### Work instruction
Starting at the line with "Volvo XC 60 D3 Geartronic Ocean Race - 2", return every line through the final one of the data, word for word. Pictures stay out.

**** Material for the task

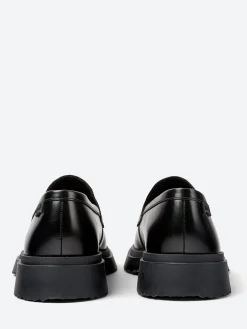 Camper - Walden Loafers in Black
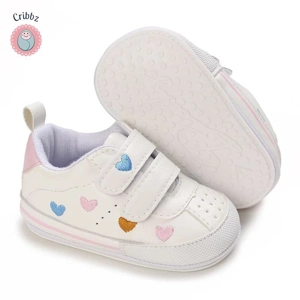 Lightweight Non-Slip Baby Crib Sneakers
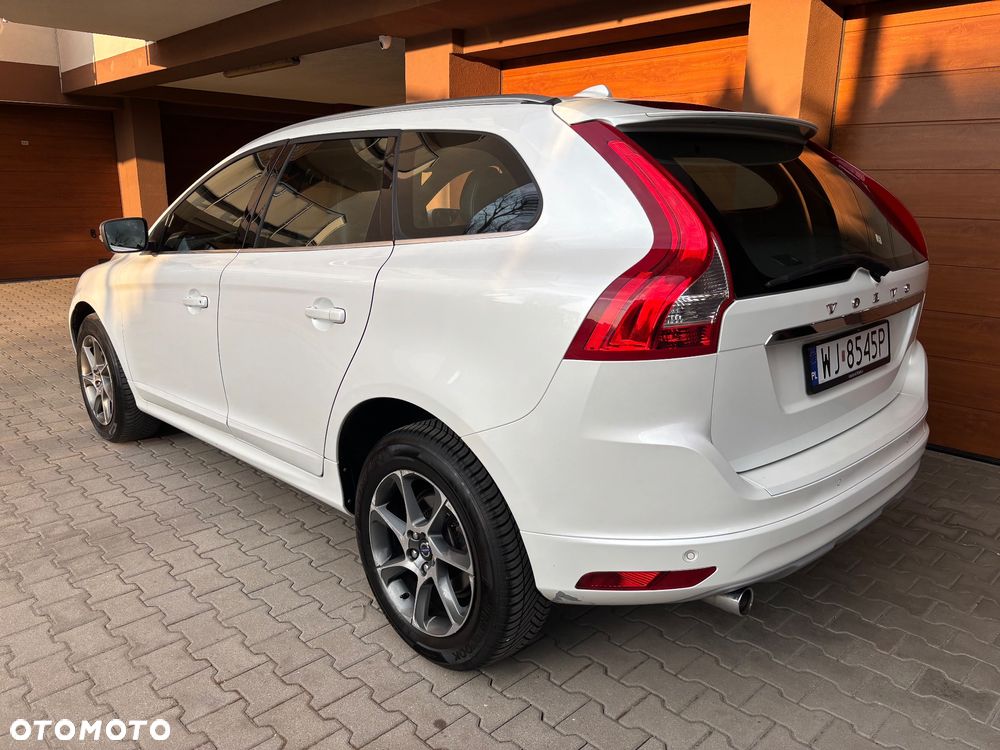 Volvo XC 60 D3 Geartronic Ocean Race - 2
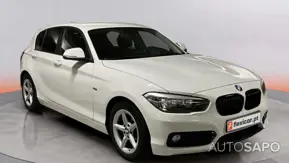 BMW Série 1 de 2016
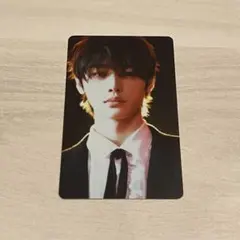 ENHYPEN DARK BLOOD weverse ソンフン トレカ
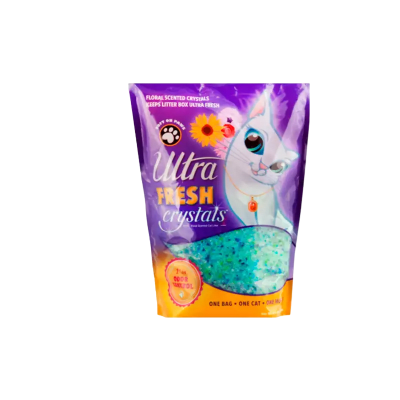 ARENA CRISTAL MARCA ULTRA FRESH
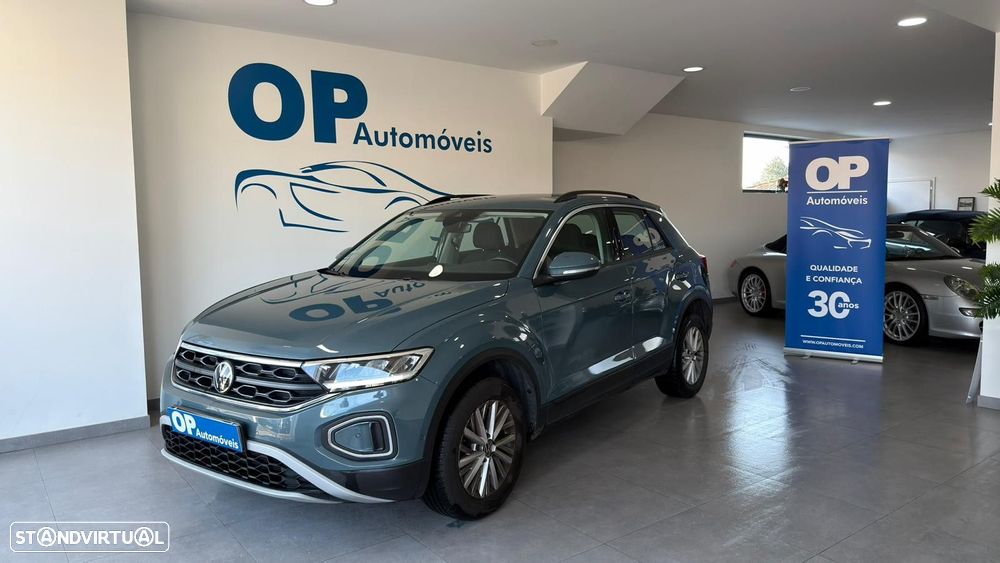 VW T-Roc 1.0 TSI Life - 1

********

### Expected answer
 Volvo XC 60 D3 Geartronic Ocean Race - 2
 BMW Série 1 de 2016
 ENHYPEN DARK BLOOD weverse ソンフン トレカ
 ARENA CRISTAL MARCA ULTRA FRESH
 VW T-Roc 1.0 TSI Life - 1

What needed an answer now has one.